[Short web captions]

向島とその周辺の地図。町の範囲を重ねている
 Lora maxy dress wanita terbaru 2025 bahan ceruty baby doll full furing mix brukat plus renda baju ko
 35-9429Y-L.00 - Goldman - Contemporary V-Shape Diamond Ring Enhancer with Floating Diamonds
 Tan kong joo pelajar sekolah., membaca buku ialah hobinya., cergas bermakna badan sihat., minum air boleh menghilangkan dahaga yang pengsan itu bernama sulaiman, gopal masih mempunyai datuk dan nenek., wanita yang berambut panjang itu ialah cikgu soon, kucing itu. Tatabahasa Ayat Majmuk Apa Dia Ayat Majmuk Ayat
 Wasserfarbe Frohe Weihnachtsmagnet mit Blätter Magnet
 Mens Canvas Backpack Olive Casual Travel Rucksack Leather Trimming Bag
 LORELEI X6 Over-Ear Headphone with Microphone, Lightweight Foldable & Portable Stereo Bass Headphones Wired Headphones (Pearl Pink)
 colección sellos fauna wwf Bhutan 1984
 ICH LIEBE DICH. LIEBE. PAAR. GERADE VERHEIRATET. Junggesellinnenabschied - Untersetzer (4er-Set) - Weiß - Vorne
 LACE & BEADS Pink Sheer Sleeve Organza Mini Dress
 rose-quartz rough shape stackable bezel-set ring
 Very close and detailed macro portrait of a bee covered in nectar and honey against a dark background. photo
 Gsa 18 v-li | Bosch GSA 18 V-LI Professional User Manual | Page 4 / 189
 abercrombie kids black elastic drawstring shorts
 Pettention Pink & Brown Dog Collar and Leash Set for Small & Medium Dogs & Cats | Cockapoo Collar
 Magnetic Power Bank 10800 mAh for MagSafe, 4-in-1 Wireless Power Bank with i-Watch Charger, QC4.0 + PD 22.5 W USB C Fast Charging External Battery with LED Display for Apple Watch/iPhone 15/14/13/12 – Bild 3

Exercise directions: Write out the records above exactly, from the opening line to the line with "35-9429Y-L.00 - Goldman", including both, with nothing added.

Response area:
向島とその周辺の地図。町の範囲を重ねている
 Lora maxy dress wanita terbaru 2025 bahan ceruty baby doll full furing mix brukat plus renda baju ko
 35-9429Y-L.00 - Goldman - Contemporary V-Shape Diamond Ring Enhancer with Floating Diamonds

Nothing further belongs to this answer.